I'm not afraid of dreaming — which is to be uncomfortable with where I am and to long for something better and more beautiful. Perhaps I'm a little afraid of becoming lost in a dream, but that's not to say I think it's wrong to wander in and out of one. Dreaming in this way is like praying, and it is more powerful than reality in just the same way as a miracle is. It defies (and defines) the laws of reality in a way that proclaims something deeper and even more real.
Miracles do not, in fact, break the laws of nature.3
I think we shall always be caught up in, lost in, entangled in, enchanted by or captivated by one thing or another. If we must choose our master and our judge, I would rather be enchanted by a dream than enslaved by a resignation — for there are few joys that rival the meeting of two souls wandering in a similar, hopeful cloud.
(side note) The Nightmare
Perhaps I should take a moment to make a little clarification before continuing. In a conversation I was listening to this morning,
brought up the chapter in Lewis’s The Voyage of the Dawn Treader wherein Prince Caspian sails through a part of the sea in which dreams come true. That might seem like a great thing, but the reader quickly discovers that they might just have to live through a nightmare instead. See, we struggle to tell the difference sometimes.It would be flippant to suppose that the dreams spoken of in that chapter are entirely unrelated to the kind of dreams I am writing about. Waking and sleeping dreams share the title for a reason: they both whisper some secret anent longing.
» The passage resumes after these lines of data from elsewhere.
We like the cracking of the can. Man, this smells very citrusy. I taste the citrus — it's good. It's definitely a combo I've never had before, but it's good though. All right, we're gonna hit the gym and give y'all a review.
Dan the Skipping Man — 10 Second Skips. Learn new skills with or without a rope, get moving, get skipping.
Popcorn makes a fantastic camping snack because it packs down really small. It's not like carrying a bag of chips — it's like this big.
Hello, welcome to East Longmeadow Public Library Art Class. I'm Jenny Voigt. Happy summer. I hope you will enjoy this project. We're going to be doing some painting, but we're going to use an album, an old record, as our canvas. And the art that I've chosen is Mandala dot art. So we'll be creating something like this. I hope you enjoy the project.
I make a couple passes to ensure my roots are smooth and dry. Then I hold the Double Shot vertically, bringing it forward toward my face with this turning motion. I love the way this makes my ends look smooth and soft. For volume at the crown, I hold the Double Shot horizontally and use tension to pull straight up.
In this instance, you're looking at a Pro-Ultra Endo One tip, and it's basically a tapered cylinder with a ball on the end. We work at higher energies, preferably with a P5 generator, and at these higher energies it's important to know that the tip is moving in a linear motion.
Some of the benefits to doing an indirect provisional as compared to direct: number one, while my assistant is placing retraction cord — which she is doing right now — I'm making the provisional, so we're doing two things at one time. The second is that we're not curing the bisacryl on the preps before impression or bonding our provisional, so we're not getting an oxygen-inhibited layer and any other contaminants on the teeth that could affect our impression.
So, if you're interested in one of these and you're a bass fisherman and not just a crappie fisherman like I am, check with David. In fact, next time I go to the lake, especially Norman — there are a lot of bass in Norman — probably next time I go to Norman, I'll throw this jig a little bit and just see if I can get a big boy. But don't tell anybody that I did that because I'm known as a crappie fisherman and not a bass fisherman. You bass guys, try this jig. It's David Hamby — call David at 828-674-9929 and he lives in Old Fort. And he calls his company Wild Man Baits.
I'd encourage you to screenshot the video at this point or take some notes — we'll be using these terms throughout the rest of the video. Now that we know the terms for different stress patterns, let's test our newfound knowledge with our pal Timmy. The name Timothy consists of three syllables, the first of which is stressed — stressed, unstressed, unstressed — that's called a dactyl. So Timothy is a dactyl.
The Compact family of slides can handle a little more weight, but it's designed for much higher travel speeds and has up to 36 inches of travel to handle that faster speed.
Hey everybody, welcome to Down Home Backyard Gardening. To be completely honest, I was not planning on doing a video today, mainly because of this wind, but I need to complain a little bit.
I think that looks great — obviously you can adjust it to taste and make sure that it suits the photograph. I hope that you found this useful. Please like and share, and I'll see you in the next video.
A nightmare has a similar kind of power to a dream, but it is bent towards a worse future. The line between them can seem quite foggy to us — for there is but one perfect dream and an infinite array of potential nightmares of varying degrees of imperfection. The path is narrow and shrouded in mist. I am writing of the one dream — the one tune, whose echos reverberate through all things beautiful, good and true — and thus, again, forgive me, you will find some shadows in these thoughts.
Those beings lingering in hell or purgatory in Lewis’s The Great Divorce might believe they are in a dream — they are, after all, pursuing those things they have convinced themselves they long for — but the shining figures know it is a nightmare compared to what could be (their dream). And most of the deluded, when shown the dream, cannot stand it — for the love of God is to them the fire of hell.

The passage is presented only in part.